◆ **Task objective**
Would you give the listing back word for word once its pictures are removed?

◆ **Data segment**
- Opening Delimiter -
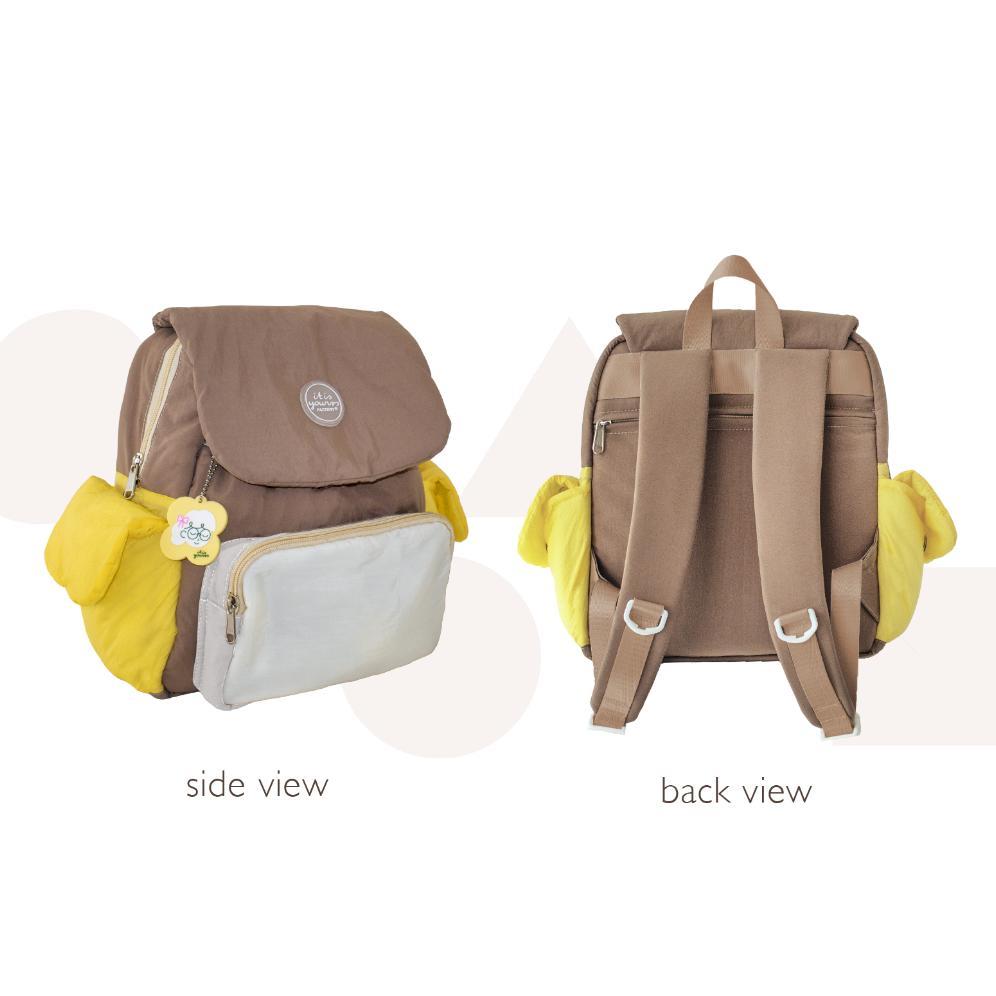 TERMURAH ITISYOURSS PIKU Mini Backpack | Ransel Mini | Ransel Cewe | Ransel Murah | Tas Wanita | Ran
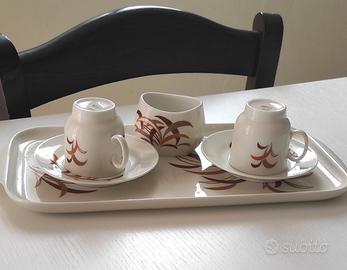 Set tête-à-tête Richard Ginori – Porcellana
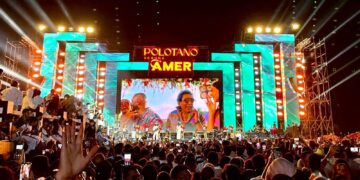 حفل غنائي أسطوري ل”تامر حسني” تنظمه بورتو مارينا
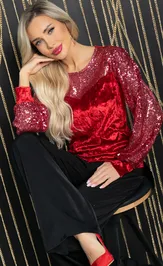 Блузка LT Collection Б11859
- Closing Delimiter -
◆ **Exercise solution**
 TERMURAH ITISYOURSS PIKU Mini Backpack | Ransel Mini | Ransel Cewe | Ransel Murah | Tas Wanita | Ran
 Set tête-à-tête Richard Ginori – Porcellana
 حفل غنائي أسطوري ل”تامر حسني” تنظمه بورتو مارينا
 Блузка LT Collection Б11859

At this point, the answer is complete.